From then onwards, several studies have demonstrated that autophagy participates, directly or indirectly, in DNA repair pathways. Indeed, it is now accepted that autophagy, in particular mitophagy—the selective removal of damaged mitochondria, can prevent genomic instability by removing ROS-producing mitochondria, since ROS are one of the major sources of DNA damage as they could directly modify the DNA or indirectly generate different lesions, both affecting cell viability [53]. Moreover, autophagy is also necessary for providing energy and metabolites required for an efficient DNA repair. In fact, many evidence show that, by sustaining the energy demand required to support DNA repair processes, autophagy can help the development of chemoresistance mechanisms in cancer cells, delaying apoptotic cell death upon DNA damage [54, 55]. Besides that, it is now clear that autophagy can be activated by DNA damage at multiple levels. The use of the DNA-damaging agents such as camptothecin, etoposide and temozolomide, p-anilioaniline, and ionizing radiation (IR), in addition to initiate cell cycle arrest, also initiates autophagy [54, 56, 57].

As described above, ATM is a central regulator of the DDR response. In response to DNA damage, the transcription factor FOXO3a binds ATM, thus leading to its activation and promoting repair. Both ATM and FOXO3a have been linked to autophagy. ATM induces the activation of the energy sensor AMP-activated protein kinase (AMPK), leading to autophagy progression [58, 59]. On the one hand, AMPK interacts with the main negative regulator of autophagy, the mTORC1 complex via a pathway involving tuberous sclerosis complex 1 and 2 (TSC1/2); on the other hand, AMPK directly phosphorylates one of the key protein kinases that initiate autophagy, ULK1 [60, 61]. ATM also mediates the activation of Che-1, a RNA polymerase II-binding protein that regulates the transcription of two mTOR inhibitors: Redd1 and Deptor [62]. Otherwise, FOXO3a controls the transcription of autophagy-related genes, such as LC3 and Bnip3 [63, 64, 65]. Another DDR protein involved in autophagy is poly[ADP-ribose] polymerase 1 (PARP1). After a DNA lesion, PARP1 synthesizes poly(ADP-ribose) chains that recruit the DNA damage repair proteins. Recently, it has been demonstrated that hyperactivated PARP1 causes a depletion of ATP that leads to AMPK activation and, consequently, to autophagy induction [66].

A crucial regulator of DNA repair pathways is the tumor suppressor protein p53. P53 has a dual role in autophagy [67, 68]: on one hand, p53 together with other members of its family (p63 and p73) regulates transcriptionally autophagy-related proteins; on the other hand, p53 acts directly on AMPK signaling.

Moreover, HDAC proteins represent a significant link between autophagy and DNA repair pathways.
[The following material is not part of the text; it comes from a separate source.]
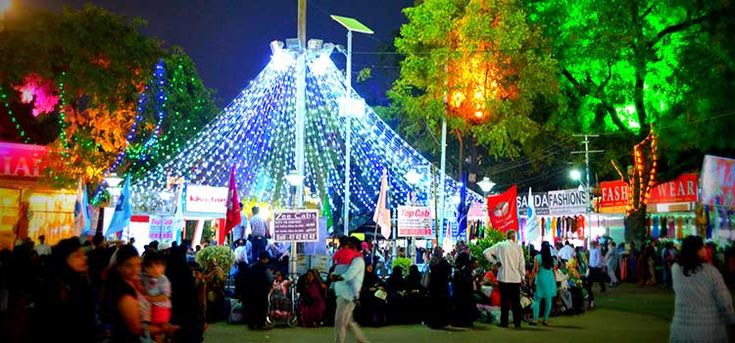 This may contain: a crowd of people standing around a tent covered in lights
HDACs are histone deacetylases that influence DNA damage response through acetylation of key DNA repair and checkpoint proteins. Robert and colleagues found that HDACs control chromosome stability by coordinating the ATR checkpoint and DSB processing with autophagy [36]. In particular, HDAC inhibition triggers degradation of the recombination protein SAE1 (in human CtIP) by promoting autophagy that affects the DNA damage sensitivity of HDAC mutants.

Recent studies have suggested that another family of proteins called sirtuins could play an important role in autophagy and DNA repair pathways. Sirtuins are protein deacetylases dependent on NAD+ that are involved in autophagosome formation by deacetylating ATG5, ATG7, and ATG8. In DNA repair pathways, sirtuins regulate transcriptional activity of p53, thus affecting cell cycle and cell death under DNA damage conditions [69].
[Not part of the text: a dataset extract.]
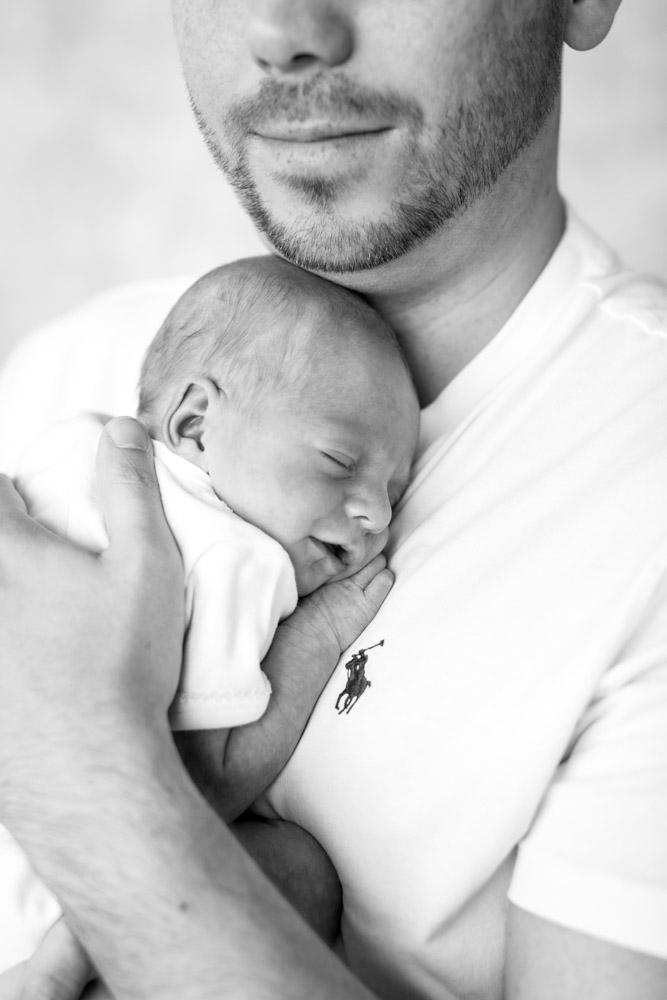 black and white photo of father holding the sleeping and smiling newborn close to his chest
Recently, an interesting connection between DNA repair signaling and mitophagy has also been provided. As mentioned above, damaged mitochondria may produce elevated levels of ROS, thus inducing DNA damage. In addition, blockage of mitophagy can result in the accumulation of dysfunctional mitochondria, damaged mtDNA, and an increased rate of apoptotic cell death. Feng and colleagues found that in ataxia telangiectasia patients, characterized by ATM dysfunctions, the defect in the nuclear DNA damage repair leads to defective mitophagy [70]. This occurs through the impairment of Sirtuin1 activity that, in turn, affects the expression of the mitochondrial uncoupling protein 2 (UCP2), responsible for the import, cleavage, and removal of PINK1, a key molecule in mitophagy induction.
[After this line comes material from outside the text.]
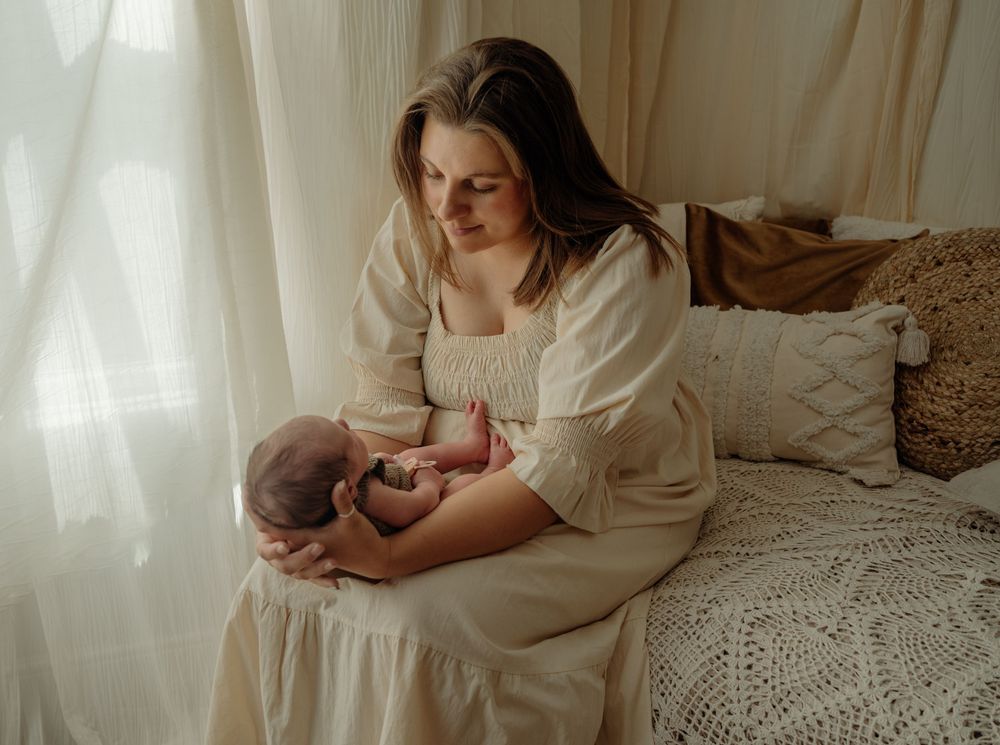 Mother holding newborn baby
Intriguingly, new evidence suggests a direct role for autophagy in the function of “error proof” HR, NER, or MMR. About the involvement of autophagy in NER regulation, (an adaptable DNA repair pathway that corrects helix-distorting base lesions induced by environmental carcinogens), it has been found implicated in downregulating the transcription of XPC and impairing the recruitment of DDB2 to UV-induced lesion sites through TWIST1-mediated inhibition of EP300 [71]. MMR defects also impair autophagy induced by chemotherapeutic drugs [72]. Mispairs induced by nucleoside analogs, such as 6-thioguanine (6-TG) and 5-fluorouracil (5-FU), have been reported to induce autophagy in a p53-, mTOR-dependent manner by upregulation of BNIP3. These studies suggest that targeted inhibition of the autophagic pathway may enhance the cytotoxicity of those anticancer agents that are recognized and processed by the MMR system.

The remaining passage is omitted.